As Table 8 indicates, the wine of Dzelshavi is quite rich in chemical structure, while its strength in consideration of the particular districts and years comes to 13.6 o. The acidity rarely falls below 6%. According to chemical structure, this grapevine variety completely satisfies the requirements stated for quality table wine. However, with these characteristics it is more extensively engaged in the champagne industry, and is used for lightening fuller and fleshier wines, complementing them with cheerfulness. In addition to table wine, Dzelshavi is very prospective for use in the making of non-alcoholic grape juice and spirits. 

GENERAL EVALUATION AND DISTRIBUTION BY DISTRICT

Dzelshavi is a local, very productive grapevine variety, mostly distributed in the districts of Imereti, particularly in its central districts. The grape of Dzelshavi is used for making original table red wine and quality material for champagne. However, as it is cultivated together with other grapevine varieties, it is generally pressed and used as an admixture wine, as for example, the mix wine of Dzelshavi with either Mgaloblishvili or Otskhanuri Safere.
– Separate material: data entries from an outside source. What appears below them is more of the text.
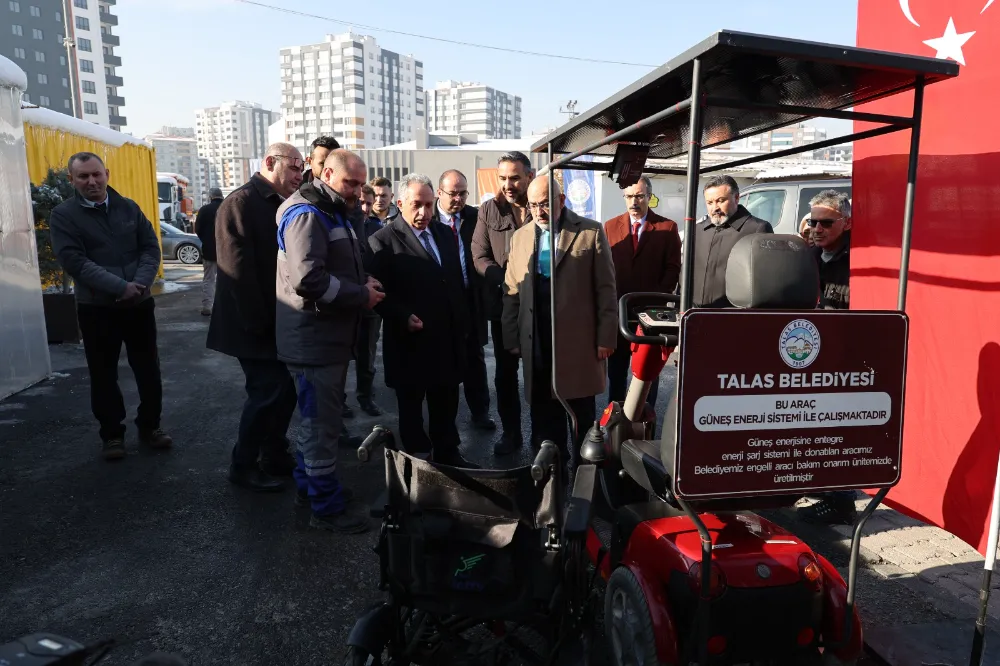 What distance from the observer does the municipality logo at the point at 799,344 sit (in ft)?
6.01

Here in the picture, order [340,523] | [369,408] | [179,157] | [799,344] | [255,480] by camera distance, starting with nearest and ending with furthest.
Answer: [799,344] < [340,523] < [255,480] < [369,408] < [179,157]

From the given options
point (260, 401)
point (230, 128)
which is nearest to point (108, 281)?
point (260, 401)

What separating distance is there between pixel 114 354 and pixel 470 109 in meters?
156

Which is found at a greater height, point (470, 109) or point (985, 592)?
point (470, 109)

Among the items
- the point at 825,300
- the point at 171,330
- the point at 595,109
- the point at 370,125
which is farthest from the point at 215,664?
the point at 370,125

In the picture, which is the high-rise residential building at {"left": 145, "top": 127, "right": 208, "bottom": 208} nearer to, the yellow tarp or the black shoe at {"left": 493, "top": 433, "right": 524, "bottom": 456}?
the yellow tarp

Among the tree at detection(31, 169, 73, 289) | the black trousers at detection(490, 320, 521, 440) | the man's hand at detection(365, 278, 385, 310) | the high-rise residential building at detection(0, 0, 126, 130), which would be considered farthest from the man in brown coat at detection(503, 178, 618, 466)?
the high-rise residential building at detection(0, 0, 126, 130)

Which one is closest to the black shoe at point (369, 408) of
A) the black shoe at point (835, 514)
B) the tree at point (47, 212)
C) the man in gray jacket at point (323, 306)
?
the man in gray jacket at point (323, 306)

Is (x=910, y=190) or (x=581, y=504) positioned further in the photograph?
(x=581, y=504)

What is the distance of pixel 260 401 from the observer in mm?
3777

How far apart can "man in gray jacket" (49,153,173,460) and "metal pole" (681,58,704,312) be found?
3482 mm

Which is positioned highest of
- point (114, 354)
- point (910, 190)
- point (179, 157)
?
point (179, 157)

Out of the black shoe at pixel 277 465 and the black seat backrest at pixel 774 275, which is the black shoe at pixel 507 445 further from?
the black seat backrest at pixel 774 275

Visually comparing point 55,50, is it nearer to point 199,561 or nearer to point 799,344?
point 199,561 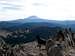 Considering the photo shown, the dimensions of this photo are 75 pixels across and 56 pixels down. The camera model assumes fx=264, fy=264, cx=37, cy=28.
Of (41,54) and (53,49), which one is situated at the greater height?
(53,49)

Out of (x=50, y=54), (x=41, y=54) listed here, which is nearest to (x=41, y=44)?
(x=41, y=54)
Presently, the harvest of Dzelshavi from Maiakovski and Zestafoni is dedicated to champagne. In other districts its grape is used for making pure wine or as a red mixing wine with other grapevine varieties. 

Among the positive characteristics of Dzelshavi are its relatively high productivity, quite good resistance to powdery mildew, comparatively early ripening and use for table and champagne wines as well as for grape juice.

The negative characteristics of Dzelshavi include of low quality of production, and sensitivity to downy mildew and rot. 

Dzelshavi as useful for champagne and is recommended for wide distribution in viticulture districts which are dedicated to champagne industry. It can be cultivated in the southern viticulture regions of the Soviet Union in order for use as champagne and spirits.